Here’s Code For That AI-Generated Minecraft Clone

A little while ago Oasis was showcased on social media, billing itself as the world’s first playable “AI video game” that responds to complex user input in real-time. Code is available on GitHub for a down-scaled local version if you’d like to take a look. There’s a bit more detail and background in the accompanying project write-up, which talks about both the potential as well as the numerous limitations.

We suspect the focus on supporting complex user input (such as mouse look and an item inventory) is what the creators feel distinguishes it meaningfully from AI-generated DOOM. The latter was a concept that demonstrated AI image generators could (kinda) function as real-time game engines.

Image generators are, in a sense, prediction machines. The idea is that by providing a trained model with a short history of what just happened plus the user’s input as context, it can generate a pretty usable prediction of what should happen next, and do it quickly enough to be interactive. Run that in a loop, and you get some pretty impressive clips to put on social media.

It is a neat idea, and we certainly applaud the creativity of bending an image generator to this kind of application, but we can’t help but really notice the limitations. Sit and stare at something, or walk through dark or repetitive areas, and the system loses its grip and things rapidly go in a downward spiral we can only describe as “dreamily broken”.

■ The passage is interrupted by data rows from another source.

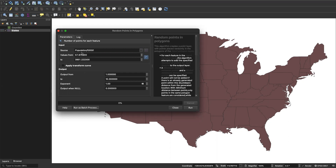Here's the part that often confuses people — changing the output. Right now the output is set to 1 to 10. What this will do is scale our least populous state down to just one point and our most populous state to 10 points. This gets rid of what we've just set up and removes the ability to put meaningful information in our legend to explain what those dots really mean. Setting the output to 1 to 10 makes our map not interpretable.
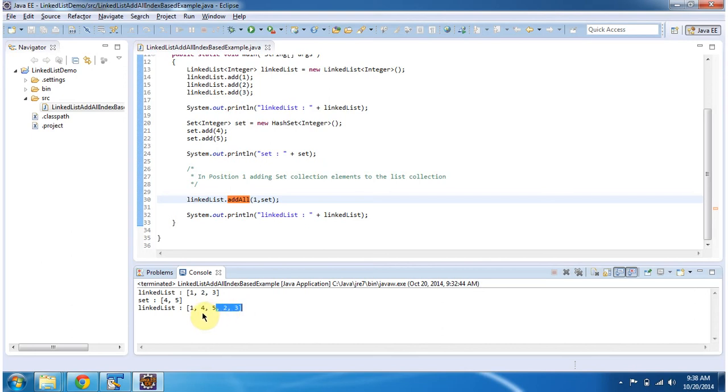In the first position, 4 and 5 have been added from the set collection. This is how to add a group of objects to the linked list at a particular index position.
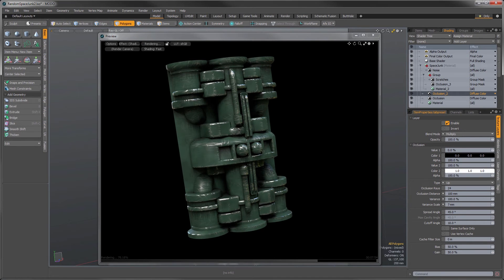Hey there, this is James Darknell from The Foundry, and here is my promised occlusion shader video. This is the continuation of the occlusion video I posted a couple weeks ago. If you haven't watched that, it's probably a good idea to watch that first, because I'm not going to explain all the settings here. I really want to show you techniques for using the occlusion shader to get some nice procedural effects.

It may be more a demonstration of a concept than a properly functioning game, but it’s still a very clever way to leverage image generation technology. Although, if you’d prefer AI to keep the game itself untouched take a look at neural networks trained to use the DOOM level creator tools.

18 thoughts on “Here’s Code For That AI-Generated Minecraft Clone

    1. My only complaint is that Chrome is basically taking over and most alternatives are still Chrome based.
      While I think Chrome seems mostly okay, Google being at the root of all modern browsers seems like a bad path to take.
      Hopefully Firefox can make a resurgence or at least Chromium forked to not be crippled by some of the choices being made for Google’s bottom line.

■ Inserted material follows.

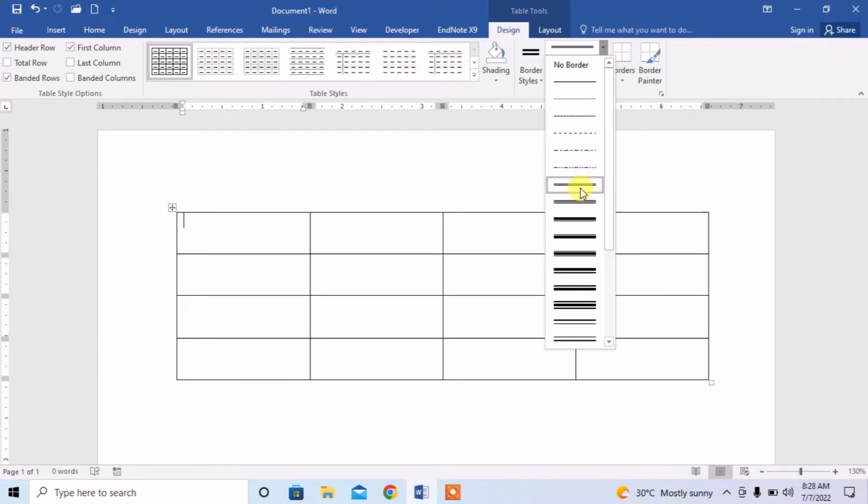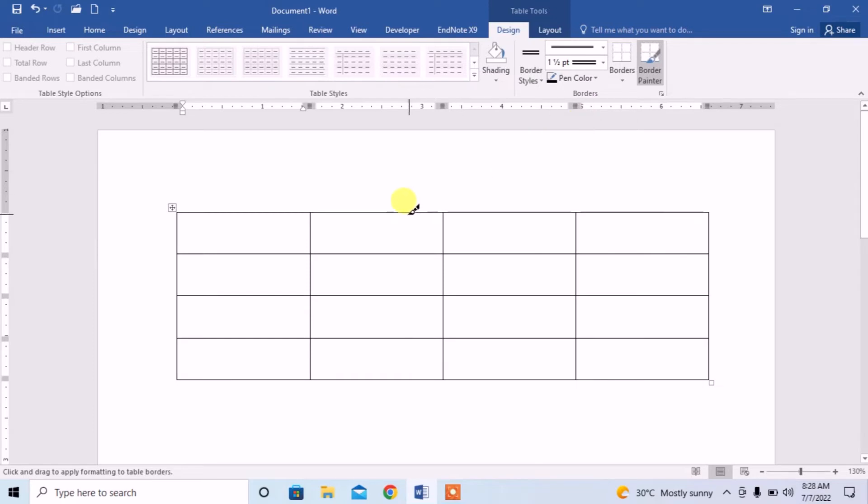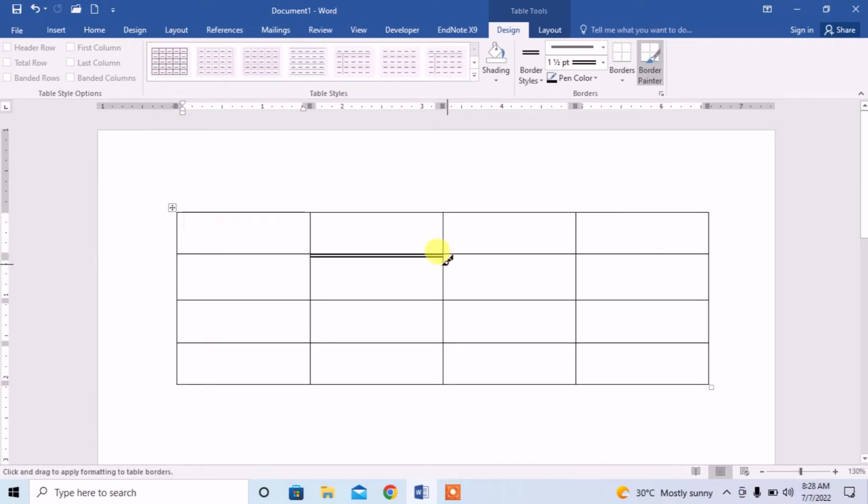From here you will select this double line option, then from here select one of these double line options and then click this pen on any desired cell.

  1. I took a look and there is no code, not really. There is code to run an AI model which is to say everything about how it operates is hidden inside a neural network-based black box.

  2. I’m failing to see the real “point” of this – it’s mimicking an existing game’s visuals and mechanics, a game which is already procedurally generated that also “responds to complex user input in real-time”. It doesn’t look like it can/will be able to track what the player already did, just create endless new environments… which, again, already exists as a core feature in the thing it’s mimicking, except these look like they lack consistency and even cohesion, so you can’t even go back to places you’ve already explored or things you’ve already built. Kind of like a dream, where everything changes from moment to moment.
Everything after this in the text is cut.